Taking full advantage of the GNN-based module in capturing topology information and the BiLSTM-based module in capturing sequence features, we obtain the final and effective trajectory representation, which is the input of the next linking module.

5.4 Trajectory user linking

Following the learning of trajectory representation on road networks, we link trajectories to users who generate them, and the architecture of the linking module is presented in Figure 4.

Observed from Figure 4, two parts are involved in linking, i.e., a fully-connected Multi-Layer Perception (MLP) and softmax. The input of MLP is the representation e_τ of a trajectory, and we assume the output of MLP is Y = (y₁,y₂,⋯ ,y_n) after computing We_τ + b, then each probability p(y_i) in softmax is defined as:

$$ \begin{array}{@{}rcl@{}} p(y_{i})=\frac{\exp(y_{i})}{{\sum}_{j=1}^{n}\exp(y_{j})} \end{array} $$

(9)

where W and b denote the weight matrix and bias vector in MLP, respectively. The predicted label is generated with $\hat {y}$= argmax p(y). Generally, trajectory user linking can be regarded as a multi-class classification problem, we apply the cross-entropy as a loss function and use backward propagation and Adam [41] to train our model. The cost function is given as:

$$ \begin{array}{@{}rcl@{}} \mathcal{J}= -\frac{1}{L}\sum\limits_{i=1}^{L}g_{i}\log(p(y_{i})) \end{array} $$

(10)

where L is the number of trajectories used in training and g_i is the one-hot represented ground truth of the trajectory.

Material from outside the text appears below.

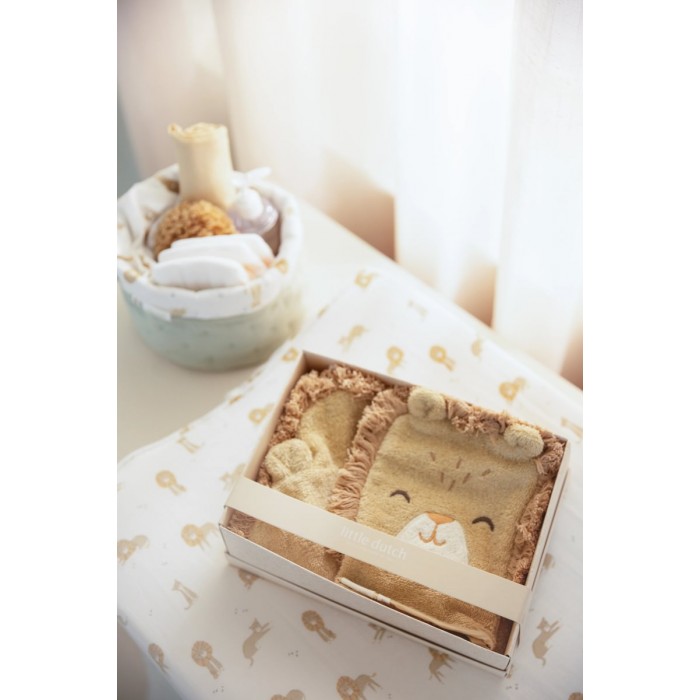 Set cadou din bumbac organic pentru bebelusi - Leo Safari - Little Dutch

Continue the example in Figure 1, assume τ₁ and τ₃ are generated by u₁, τ₂ and τ₄ belong to u₂, after embedding τ₁, τ₂, τ₃, and τ₄ into vectors, we use $\textbf {e}_{\tau _{1}}$ and $\textbf {e}_{\tau _{2}}$ to train the linking module in Figure 4. Then, we have p(y) = (0.73,0.27) for τ₃ and p(y) = (0.32,0.68) for τ₄ in test, which means our proposed model TULRN can make correct classification in this case.

6 Experiment study

We conduct extensive experiments on a real-world dataset in this section. First, we present the experimental setup, statistics of the dataset, compared methods, and evaluation metrics. Then, we compare the performance of our proposed model TULRN with those of baselines and discuss the impact of parameters. Notably, all algorithms are implemented with Python 3.8 and run on a Linux Server with 256GB memory.

6.1 Experimental setup

The parameters used in our experiments are presented in Table 2. The dimension of a node in graph RTSG and the number of iterations are set to 250 and 100, respectively. Max length of a sequence is set to 50, the batch size is 64, and the learning rate of TULRN is 0.0001.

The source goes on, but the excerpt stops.